Bainreese from Allspark wrote:Why You Can't Find Movie Toys
I've seen a lot of people expressing dismay over not being able to find Movie toys. There have been several threads and several reports of empty shelves everywhere. Some have pondered the meaning of this. Some have blamed Target or Walmart as a company. Some have blamed their local stockers, etc.
I am here to tell you not only the problem, but what is causing the delay in restocking.
Supply is not keeping up with Demand.
Sounds like a simple answer right? Well, not so much. The major retailers had sales on Transformers figures prior to the movie. So the buyers of those stores estimated what their demand would be. They obviously estimated wrong. We have the recently reported Walmart figures to prove that. They forcasted the brand would net 2mil in sales and it netted 5mil within the given time period. So they bought a certain amount and it sold through.

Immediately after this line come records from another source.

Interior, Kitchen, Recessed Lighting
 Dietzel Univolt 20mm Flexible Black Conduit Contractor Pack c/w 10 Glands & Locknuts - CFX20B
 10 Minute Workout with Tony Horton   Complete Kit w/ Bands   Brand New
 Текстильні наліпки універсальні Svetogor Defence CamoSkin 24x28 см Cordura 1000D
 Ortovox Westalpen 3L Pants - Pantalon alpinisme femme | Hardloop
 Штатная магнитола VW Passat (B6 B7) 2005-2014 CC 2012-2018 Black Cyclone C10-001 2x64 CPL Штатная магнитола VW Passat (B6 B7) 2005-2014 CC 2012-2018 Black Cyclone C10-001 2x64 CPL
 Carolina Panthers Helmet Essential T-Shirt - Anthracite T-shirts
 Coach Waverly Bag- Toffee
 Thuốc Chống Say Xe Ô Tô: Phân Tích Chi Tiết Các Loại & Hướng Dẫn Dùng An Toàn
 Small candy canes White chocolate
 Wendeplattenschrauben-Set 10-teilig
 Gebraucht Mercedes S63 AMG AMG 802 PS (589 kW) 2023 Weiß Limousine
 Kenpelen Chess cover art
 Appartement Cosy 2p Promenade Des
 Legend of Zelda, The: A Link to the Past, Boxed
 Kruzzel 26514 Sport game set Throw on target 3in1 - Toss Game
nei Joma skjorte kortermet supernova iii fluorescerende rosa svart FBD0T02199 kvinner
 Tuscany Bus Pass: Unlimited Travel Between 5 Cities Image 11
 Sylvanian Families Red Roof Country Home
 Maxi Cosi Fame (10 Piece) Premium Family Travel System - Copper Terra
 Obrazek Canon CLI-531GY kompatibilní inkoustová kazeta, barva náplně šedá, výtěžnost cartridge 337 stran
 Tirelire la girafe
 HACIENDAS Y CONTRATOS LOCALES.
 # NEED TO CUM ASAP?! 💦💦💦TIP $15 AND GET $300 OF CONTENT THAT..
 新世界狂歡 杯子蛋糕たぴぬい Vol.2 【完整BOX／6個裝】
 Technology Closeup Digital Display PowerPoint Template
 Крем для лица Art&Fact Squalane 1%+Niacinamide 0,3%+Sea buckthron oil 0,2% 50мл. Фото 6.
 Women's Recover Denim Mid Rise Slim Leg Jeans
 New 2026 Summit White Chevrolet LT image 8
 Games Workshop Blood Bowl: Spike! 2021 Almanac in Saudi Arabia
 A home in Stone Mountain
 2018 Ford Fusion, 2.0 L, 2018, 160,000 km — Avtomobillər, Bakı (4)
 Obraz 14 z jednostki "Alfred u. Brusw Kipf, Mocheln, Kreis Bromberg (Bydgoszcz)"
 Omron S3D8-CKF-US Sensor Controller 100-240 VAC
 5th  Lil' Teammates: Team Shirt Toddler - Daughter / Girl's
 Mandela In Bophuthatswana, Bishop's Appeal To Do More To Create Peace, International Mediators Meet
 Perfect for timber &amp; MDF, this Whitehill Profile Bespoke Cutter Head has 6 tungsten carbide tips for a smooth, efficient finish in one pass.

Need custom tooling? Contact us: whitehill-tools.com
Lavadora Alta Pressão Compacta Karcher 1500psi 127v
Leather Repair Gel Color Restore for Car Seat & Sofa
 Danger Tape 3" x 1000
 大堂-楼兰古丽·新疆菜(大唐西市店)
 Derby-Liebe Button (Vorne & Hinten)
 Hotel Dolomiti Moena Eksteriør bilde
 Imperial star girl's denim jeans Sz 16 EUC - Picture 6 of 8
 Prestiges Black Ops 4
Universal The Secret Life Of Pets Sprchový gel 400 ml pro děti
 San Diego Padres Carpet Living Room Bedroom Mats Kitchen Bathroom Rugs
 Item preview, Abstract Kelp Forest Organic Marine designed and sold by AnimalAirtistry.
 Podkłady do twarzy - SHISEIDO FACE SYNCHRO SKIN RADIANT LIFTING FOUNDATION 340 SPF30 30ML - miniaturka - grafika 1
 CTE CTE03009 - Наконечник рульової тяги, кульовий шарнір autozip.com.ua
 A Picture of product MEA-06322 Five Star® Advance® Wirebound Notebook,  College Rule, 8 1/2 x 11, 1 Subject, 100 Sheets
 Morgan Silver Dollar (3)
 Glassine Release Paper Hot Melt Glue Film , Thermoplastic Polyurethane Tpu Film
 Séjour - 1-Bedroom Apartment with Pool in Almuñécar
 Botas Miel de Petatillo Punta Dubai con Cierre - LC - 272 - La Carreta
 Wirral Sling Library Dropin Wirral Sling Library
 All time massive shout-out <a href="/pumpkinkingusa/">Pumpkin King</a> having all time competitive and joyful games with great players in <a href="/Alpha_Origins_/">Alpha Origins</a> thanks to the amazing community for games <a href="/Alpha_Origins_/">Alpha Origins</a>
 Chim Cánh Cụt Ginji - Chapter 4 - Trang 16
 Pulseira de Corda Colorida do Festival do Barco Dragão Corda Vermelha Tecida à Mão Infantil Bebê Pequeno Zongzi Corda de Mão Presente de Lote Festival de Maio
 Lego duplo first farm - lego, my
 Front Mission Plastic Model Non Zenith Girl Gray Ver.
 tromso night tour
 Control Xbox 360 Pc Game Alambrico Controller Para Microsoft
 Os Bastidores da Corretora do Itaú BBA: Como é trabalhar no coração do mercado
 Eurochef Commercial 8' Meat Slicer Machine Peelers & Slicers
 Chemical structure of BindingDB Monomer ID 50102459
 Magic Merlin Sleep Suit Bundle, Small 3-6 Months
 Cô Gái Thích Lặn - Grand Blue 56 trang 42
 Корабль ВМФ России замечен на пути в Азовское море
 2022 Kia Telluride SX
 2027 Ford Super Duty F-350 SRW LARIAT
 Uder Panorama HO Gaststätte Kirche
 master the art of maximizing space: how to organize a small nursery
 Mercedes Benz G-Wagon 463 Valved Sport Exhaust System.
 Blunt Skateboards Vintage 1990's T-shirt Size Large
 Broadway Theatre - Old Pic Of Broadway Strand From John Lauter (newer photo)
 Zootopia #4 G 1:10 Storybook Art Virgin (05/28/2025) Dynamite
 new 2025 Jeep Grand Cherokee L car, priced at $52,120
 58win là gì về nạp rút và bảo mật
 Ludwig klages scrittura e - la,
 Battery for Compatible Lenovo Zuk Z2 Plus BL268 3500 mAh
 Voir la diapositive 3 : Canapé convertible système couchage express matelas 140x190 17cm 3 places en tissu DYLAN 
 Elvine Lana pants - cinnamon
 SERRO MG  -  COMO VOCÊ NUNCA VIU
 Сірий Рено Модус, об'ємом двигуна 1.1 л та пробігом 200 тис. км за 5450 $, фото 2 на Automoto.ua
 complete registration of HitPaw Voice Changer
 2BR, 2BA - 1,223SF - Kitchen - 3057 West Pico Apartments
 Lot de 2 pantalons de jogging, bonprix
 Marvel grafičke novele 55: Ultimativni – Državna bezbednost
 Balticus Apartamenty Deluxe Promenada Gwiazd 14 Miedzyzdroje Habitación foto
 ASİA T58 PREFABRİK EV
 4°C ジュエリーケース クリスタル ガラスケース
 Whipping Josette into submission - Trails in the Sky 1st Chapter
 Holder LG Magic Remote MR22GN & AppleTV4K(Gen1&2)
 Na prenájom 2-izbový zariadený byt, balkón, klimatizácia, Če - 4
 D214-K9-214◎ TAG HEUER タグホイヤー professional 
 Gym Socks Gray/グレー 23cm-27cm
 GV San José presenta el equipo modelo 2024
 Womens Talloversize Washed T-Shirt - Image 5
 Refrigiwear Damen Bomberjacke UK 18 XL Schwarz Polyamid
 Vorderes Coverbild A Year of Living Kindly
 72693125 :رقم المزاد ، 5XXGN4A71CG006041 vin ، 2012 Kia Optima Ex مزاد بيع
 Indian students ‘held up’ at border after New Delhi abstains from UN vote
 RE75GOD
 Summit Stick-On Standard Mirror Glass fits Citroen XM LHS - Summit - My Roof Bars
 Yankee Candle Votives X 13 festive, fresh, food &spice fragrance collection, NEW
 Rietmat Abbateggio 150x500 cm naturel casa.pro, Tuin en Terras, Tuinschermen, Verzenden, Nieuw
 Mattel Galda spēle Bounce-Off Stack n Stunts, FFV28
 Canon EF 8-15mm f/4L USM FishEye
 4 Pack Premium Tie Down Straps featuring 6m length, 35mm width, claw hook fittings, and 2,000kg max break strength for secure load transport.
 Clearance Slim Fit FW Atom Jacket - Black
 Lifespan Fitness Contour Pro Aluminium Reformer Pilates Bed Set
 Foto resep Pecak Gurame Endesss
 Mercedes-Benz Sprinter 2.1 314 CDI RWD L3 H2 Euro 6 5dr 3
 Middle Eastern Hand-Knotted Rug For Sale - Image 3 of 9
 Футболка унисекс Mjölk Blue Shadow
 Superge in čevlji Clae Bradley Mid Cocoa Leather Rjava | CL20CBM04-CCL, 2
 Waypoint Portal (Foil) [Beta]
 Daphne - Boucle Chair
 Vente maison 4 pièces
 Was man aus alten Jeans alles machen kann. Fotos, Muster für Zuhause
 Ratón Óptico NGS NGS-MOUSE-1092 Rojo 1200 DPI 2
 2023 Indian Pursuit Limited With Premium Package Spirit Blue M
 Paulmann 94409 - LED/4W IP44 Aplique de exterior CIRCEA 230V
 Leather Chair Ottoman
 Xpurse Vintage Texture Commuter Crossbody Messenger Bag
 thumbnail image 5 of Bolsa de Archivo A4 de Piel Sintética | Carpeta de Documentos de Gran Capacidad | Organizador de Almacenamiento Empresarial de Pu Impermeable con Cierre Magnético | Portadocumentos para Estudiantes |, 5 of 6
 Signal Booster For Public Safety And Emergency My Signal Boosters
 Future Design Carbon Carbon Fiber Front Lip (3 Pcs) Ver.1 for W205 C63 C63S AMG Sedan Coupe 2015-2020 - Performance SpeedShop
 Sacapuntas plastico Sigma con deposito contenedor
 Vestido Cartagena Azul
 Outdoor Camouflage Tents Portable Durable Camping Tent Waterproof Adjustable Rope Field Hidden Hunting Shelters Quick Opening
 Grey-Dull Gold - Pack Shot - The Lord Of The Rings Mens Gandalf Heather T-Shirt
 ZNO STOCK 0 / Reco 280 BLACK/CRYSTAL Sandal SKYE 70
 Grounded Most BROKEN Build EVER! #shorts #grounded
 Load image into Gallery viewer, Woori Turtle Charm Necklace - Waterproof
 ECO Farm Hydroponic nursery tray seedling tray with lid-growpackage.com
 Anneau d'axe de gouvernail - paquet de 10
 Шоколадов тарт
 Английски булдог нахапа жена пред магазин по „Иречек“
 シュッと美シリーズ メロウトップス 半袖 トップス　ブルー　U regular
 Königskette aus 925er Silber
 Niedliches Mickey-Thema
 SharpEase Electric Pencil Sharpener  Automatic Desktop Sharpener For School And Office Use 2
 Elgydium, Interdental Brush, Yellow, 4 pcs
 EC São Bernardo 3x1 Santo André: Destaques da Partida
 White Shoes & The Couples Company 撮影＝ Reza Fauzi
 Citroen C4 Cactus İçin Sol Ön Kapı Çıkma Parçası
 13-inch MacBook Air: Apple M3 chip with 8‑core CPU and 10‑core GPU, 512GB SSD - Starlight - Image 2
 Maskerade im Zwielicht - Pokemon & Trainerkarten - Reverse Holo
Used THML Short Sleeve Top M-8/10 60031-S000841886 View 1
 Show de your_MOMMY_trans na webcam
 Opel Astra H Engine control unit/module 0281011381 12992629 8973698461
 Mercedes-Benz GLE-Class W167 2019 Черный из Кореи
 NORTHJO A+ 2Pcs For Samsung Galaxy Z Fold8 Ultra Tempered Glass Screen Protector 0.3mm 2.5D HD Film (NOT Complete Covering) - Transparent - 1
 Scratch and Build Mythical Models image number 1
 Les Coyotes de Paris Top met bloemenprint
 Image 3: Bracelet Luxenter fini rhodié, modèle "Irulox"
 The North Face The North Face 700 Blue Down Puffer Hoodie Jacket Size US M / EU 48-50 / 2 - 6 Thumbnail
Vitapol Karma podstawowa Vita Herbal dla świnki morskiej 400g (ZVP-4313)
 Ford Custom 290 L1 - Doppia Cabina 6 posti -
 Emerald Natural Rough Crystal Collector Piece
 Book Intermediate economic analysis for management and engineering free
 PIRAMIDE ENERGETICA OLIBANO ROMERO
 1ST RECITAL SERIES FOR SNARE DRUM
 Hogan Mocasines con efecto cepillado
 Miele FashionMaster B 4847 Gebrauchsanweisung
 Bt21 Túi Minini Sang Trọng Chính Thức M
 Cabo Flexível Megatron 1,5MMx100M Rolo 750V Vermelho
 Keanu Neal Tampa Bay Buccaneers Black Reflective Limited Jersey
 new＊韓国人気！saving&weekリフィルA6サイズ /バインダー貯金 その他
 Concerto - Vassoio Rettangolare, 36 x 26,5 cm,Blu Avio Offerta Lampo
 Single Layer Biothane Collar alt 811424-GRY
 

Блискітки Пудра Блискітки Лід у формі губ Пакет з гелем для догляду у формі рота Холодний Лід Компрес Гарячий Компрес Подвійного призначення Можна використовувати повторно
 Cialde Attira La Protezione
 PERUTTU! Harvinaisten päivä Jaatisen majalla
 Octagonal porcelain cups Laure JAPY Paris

The problem with that is, Hasbro doesn't have this gigantic warehouse in the U.S. with stockpiles of Movie TFs just waiting for Walmart and Target to reorder. When it comes to supplying the major retailers it's pretty much a 'build to order' type scenario. Those shipments go from the factory, to the boat, and straight into the stores Distribution channel. Which means that when the first week of July hit and this stuff disappeared off the shelves, Hasbro didn't have product just waiting to deliver to the stores.
The most common scenario, and probably true in this case, is that Hasbro had manufacturing booked according to the major retailer's forecasts. Forecasts are predicted purchases over a given period, seasonal, yearly, or otherwise. Walmart hands Hasbro a Purchase order that says I want 10,000 cases for June delivery, 10,000 for August, and 20,000 for October. Albeit simplistic, that's kinda what a forecast is. When the sales numbers came in and the majors reacted....all they could do, if they did, was to place a new order for immediate delivery. The problem with that is....immediate delivery when the goods aren't forecasted or made means the following.
Factory receives order. Factory orders raw materials and waits for raw materials to be delivered. Minimum 1 week unless they have raw materials on site.(depends on the factory and what raw materials we are taling about.) Ordering the printing on the packaging. Molding needs to take place. Painting needs to take place. Assembly needs to happen. Packaging needs to happen. Its hard to say how long this takes. It depends on a lot of variables including factory size, number of workers, complexity and number of parts on the item being assembled, etc. Lets say best case scenario this process from ordering raw materials to completion of production takes 1 month. Remember, in a wave they are doing 4-6 different figures and each one of those means that unless different assembly lines are going, the line has to change per figure.
1 Month.
Then shipping. Shipping means putting them into a container, getting them to the port, getting it across the water, clearing customs, and inland freight to where ever the major retailers distribution network is. You can sometimes pick expedited vessels, but it costs you more. You can sometimes airfreight the shipment, but that is grossly expensive. Suffice to say, these are coming by boat.
If everything runs smoothly this is perhaps a 20-28 day minimum from factory door to stores distribution door, give or take a couple of days on the long side. That is if nothing goes wrong. No delays at port, no hold up at customs, no hold up on processing shipping documents, etc.
1 Month
The problem is, the end of June, first of July, there was a major hold up at the Chinese ports. The Chinese Government repealed or greatly reduced their rebates to factories for manufacturing. This was helping keep the RMB artificially low and keeping China competitive with cheaper manufacturing in other countries. Because of that repeal or rollback, factories were pumping out product to beat the deadline. This caused a MAJOR backlog at the ports. Let me show you.
So even if all other things were going smoothly, the backlog at the port in China would have held shipments up for days.
At the end of the day, its going to take near 90 days for the stores to be able to get new merchandise in outside of what they already forecasted. The good news is, I think they probably had inbound shipments forecasted. The bad news is, if demand remains high going into September, we may still see a shortage of the figures we want to find.
Nobody has a crystal ball with this stuff and when demand goes crazy, everyone is pulling thier hair out wanting more. You, me, the stores, and Hasbro. The stores and Hasbro because they could be making money hand over fist. So you can bet they are pushing the factories, pushing the freight lines, pushing the document people for cleared papers, etc.
It isn't anyone's fault persay. We are just victims to unexpected popularity and the way the system works.
I hope that helps answer some questions.
Personally I feel that for the most part he is right. What do you think?